--- WHAT THE TASK REQUIRES ---
Among the entries below, find the line with "Trapezoid Windows Central" and the line with "Соединенные Штаты должны". Return exactly those lines and every line between them, but no pictures.

§ §

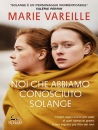 VAREILLE MARIE, Noi che abbiamo conosciuto Solange, Rizzoli libri, Milano 2026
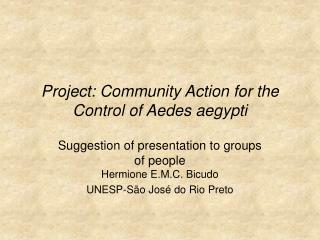 Project: Community Action for the Control of Aedes aegypti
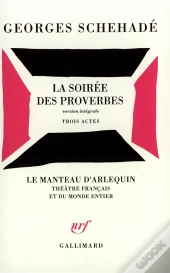 La Soiree Des Proverbes - Trois Actes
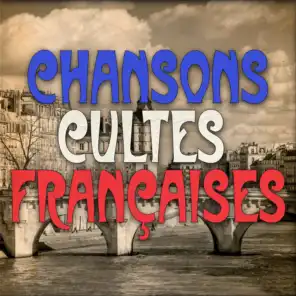 Chansons Cultes Françaises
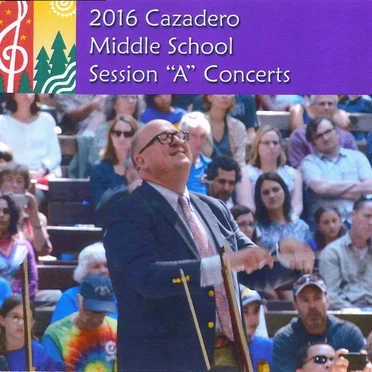 2016 Cazadero Middle School Session "A" Concerts by Cazadero Music Camp - album cover
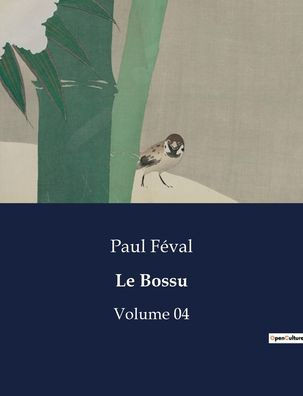 Le Bossu: Volume 04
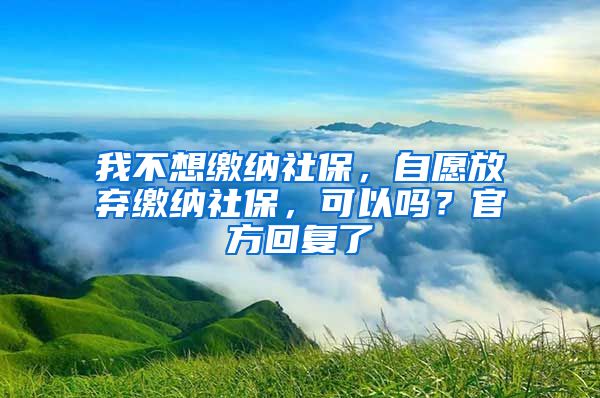 我不想繳納社保，自愿放棄繳納社保，可以嗎？官方回復(fù)了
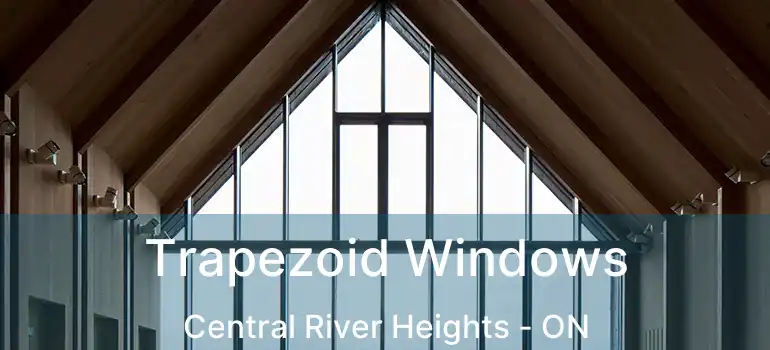  Trapezoid Windows Central River Heights - ON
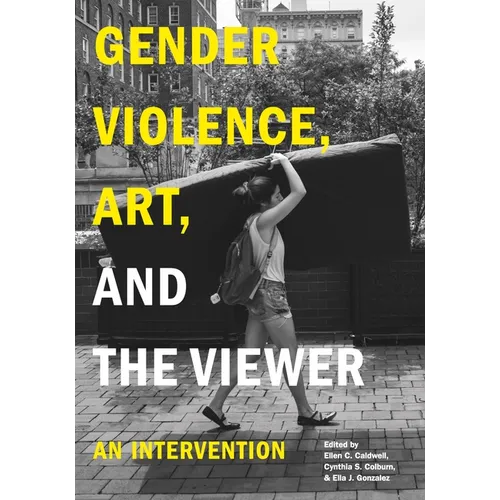 Gender Violence, Art, and the Viewer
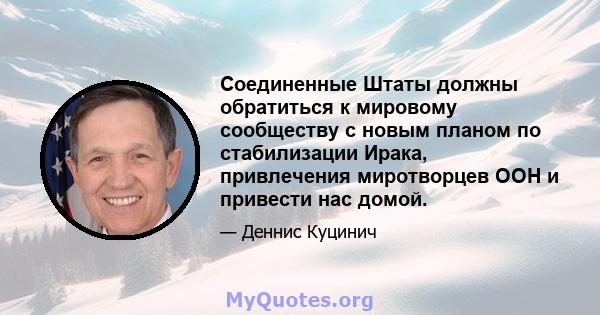 Соединенные Штаты должны обратиться к мировому сообществу с новым планом по стабилизации Ирака, привлечения миротворцев ООН и привести нас домой.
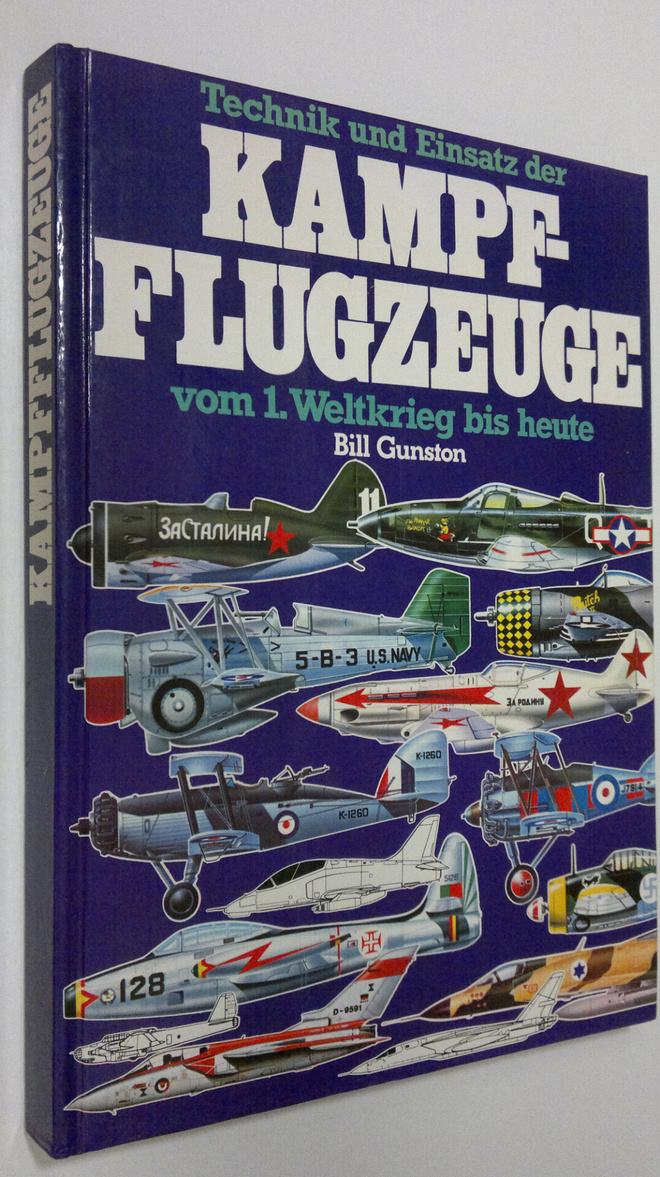 Bill Gunston : Technik und Einsatz der Kampf-flugzeuge vo...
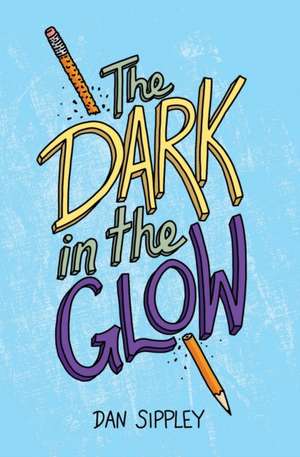 The Dark in the Glow de Dan Sippley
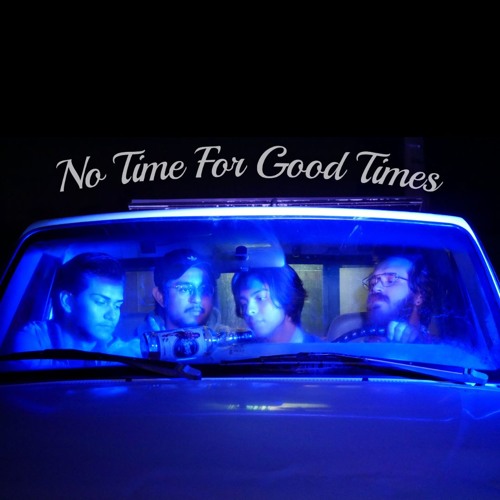 No Time For Good Times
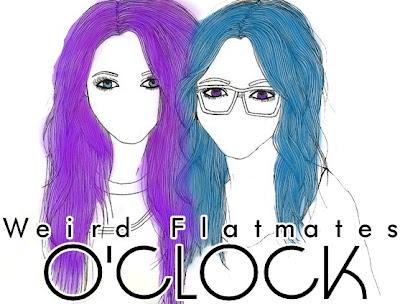 Weird Flatmates O'Clock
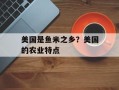 美国是鱼米之乡？美国的农业特点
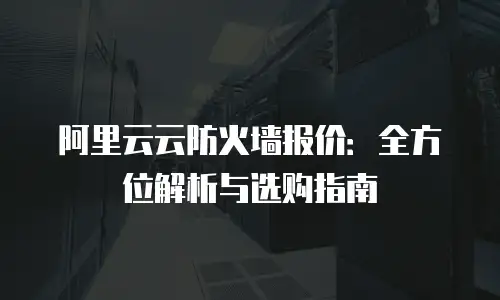 阿里云云防火墙报价：全方位解析与选购指南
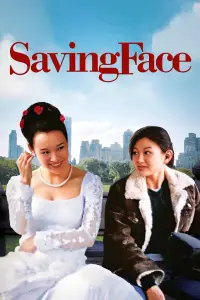 Poster to the movie "Saving Face" #955005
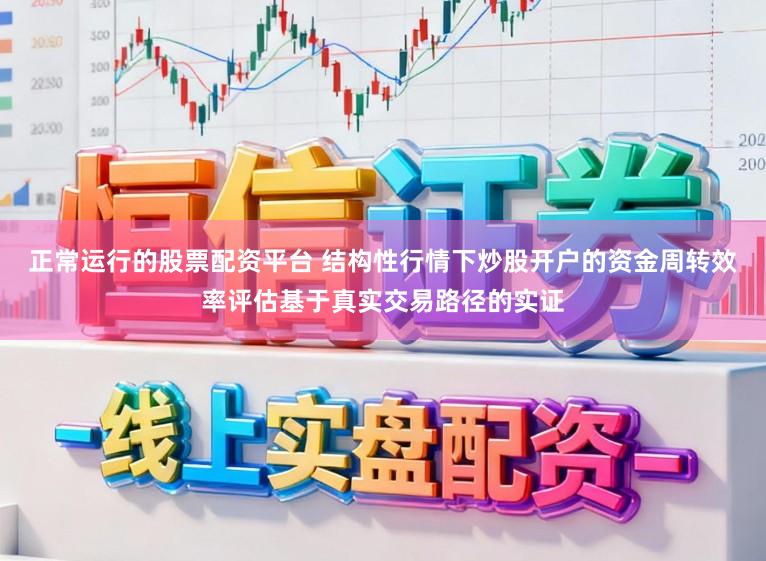 正常运行的股票配资平台 结构性行情下炒股开户的资金周转效率评估基于真实交易路径的实证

§ §

--- SOLUTION TO THIS PROBLEM ---
  Trapezoid Windows Central River Heights - ON
 Gender Violence, Art, and the Viewer
 Соединенные Штаты должны обратиться к мировому сообществу с новым планом по стабилизации Ирака, привлечения миротворцев ООН и привести нас домой.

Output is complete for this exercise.